Avoid blocking operations#

While this might require more invasive application-level changes, it is often recommended that any blocking operation in an iterative loop is delayed as much as possible. Blocking can occur when there is data-dependency between execution of tasks. In the example below, the runtime will be blocked until the result from norm < tolerance is available since norm needs to be fetched from the processor it is running on to evaluate the conditional.

The current recommended best practice is to design applications such that these blocking operations are done as sparingly as possible, as permitted by the computations performed inside the iterative loop. This might manifest in different ways in applications, so only one illustrative example is provided here.

import cunumeric as np

# compute() does some computations and returns a multi-dimensional
# cuNumeric array. The application stops after the iterative computation
# is converged

# Acceptable: Performing convergence checks every iteration
for i in range(niterations):
    x_current = compute()
    if i > 0:
        norm = np.linalg.norm(x_current - x_prev)
        if norm < tolerance:
            break
    x_prev = x_current.copy()

# Recommended: Reduce the frequency of convergence checks
every_niter = 5
for i in range(niterations):
    x_current = compute()
    if i > 0 and i%every_niter == 0:
        norm = np.linalg.norm(x_current - x_prev)
        if norm < tolerance:
            break

# This could potentially be updated one iteration before the
# convergence check, but that's not done here
x_prev = x_current.copy()

Measurement#

Use legate’s timing tool to measure elapsed time, rather than standard Python timers. cuNumeric executes work asynchronously when possible, and a standard Python timer will only measure the time taken to launch the work, not the time spent in actual computation. Make sure warm-up iterations, initialization, I/O, and other one-time computations are excluded while timing iterative computations.

Here is an example of how to measure elapsed time in milliseconds:

import cunumeric as np
from legate.timing import time

init() # Initialization step

# Do few warm-up iterations
for i in range(n_warmup_iters):
    compute()

start = time()
for i in range(niters):
    compute()
end = time()

elapsed_millisecs = (end - start)/1000.0

dump_data() # I/O

Guidelines for performance benchmarks#

Manual partitioning of data for use with message-passing from Python (say, using mpi4py package) is discouraged. Measure elapsed time using Legate’s timing tool (as given in the example above) while making sure to skip initialization steps, warm-up iterations, I/O operations etc., while timing the application.
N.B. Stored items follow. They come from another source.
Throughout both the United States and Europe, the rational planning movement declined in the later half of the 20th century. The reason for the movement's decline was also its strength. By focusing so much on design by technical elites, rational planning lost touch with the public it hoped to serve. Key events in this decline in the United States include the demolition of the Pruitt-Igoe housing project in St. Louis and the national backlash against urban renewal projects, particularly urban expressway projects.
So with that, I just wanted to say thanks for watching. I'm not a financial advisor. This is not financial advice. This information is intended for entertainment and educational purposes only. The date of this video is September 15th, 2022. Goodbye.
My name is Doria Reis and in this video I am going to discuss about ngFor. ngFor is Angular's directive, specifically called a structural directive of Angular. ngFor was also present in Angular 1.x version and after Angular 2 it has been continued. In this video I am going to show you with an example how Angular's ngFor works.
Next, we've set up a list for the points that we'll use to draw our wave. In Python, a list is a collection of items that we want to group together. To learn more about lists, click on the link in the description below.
Ensure that the problem size is large enough to offset runtime overheads associated with tasks. A rule of thumb is that the problem size is large enough for a task granularity of about 1 millisecond (as of release 23.07).
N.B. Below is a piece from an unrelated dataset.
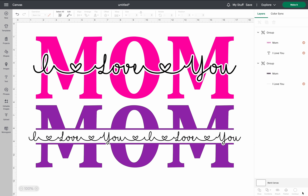Hey everybody, welcome back. Today we're going to be looking at how to make the mom design with the wordings cut through them — more popularly known as the mom with the names cut through them. I'm going to show you with just a generic mom and 'I love you', and I'll show you how to do two different designs for this project. Make sure you're following all the way through and not skipping any parts, otherwise it will not turn out correctly.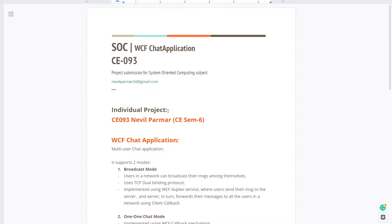Hello sir, Neville here from CESM6. Today I'm here to present my WCF project, that is a WCF chat application.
For arrays that are small, or for arrays that operate on a subset of a larger array, it is recommended that they be merged with similar operations when possible. For example, in some applications using structured meshes, boundary conditions are set on a subset of data (at the boundaries only) which typically tends to be a sequence of very small operations. When possible, boundary conditions for different variables and different boundaries should be combined. In general, merging small operations might yield better results.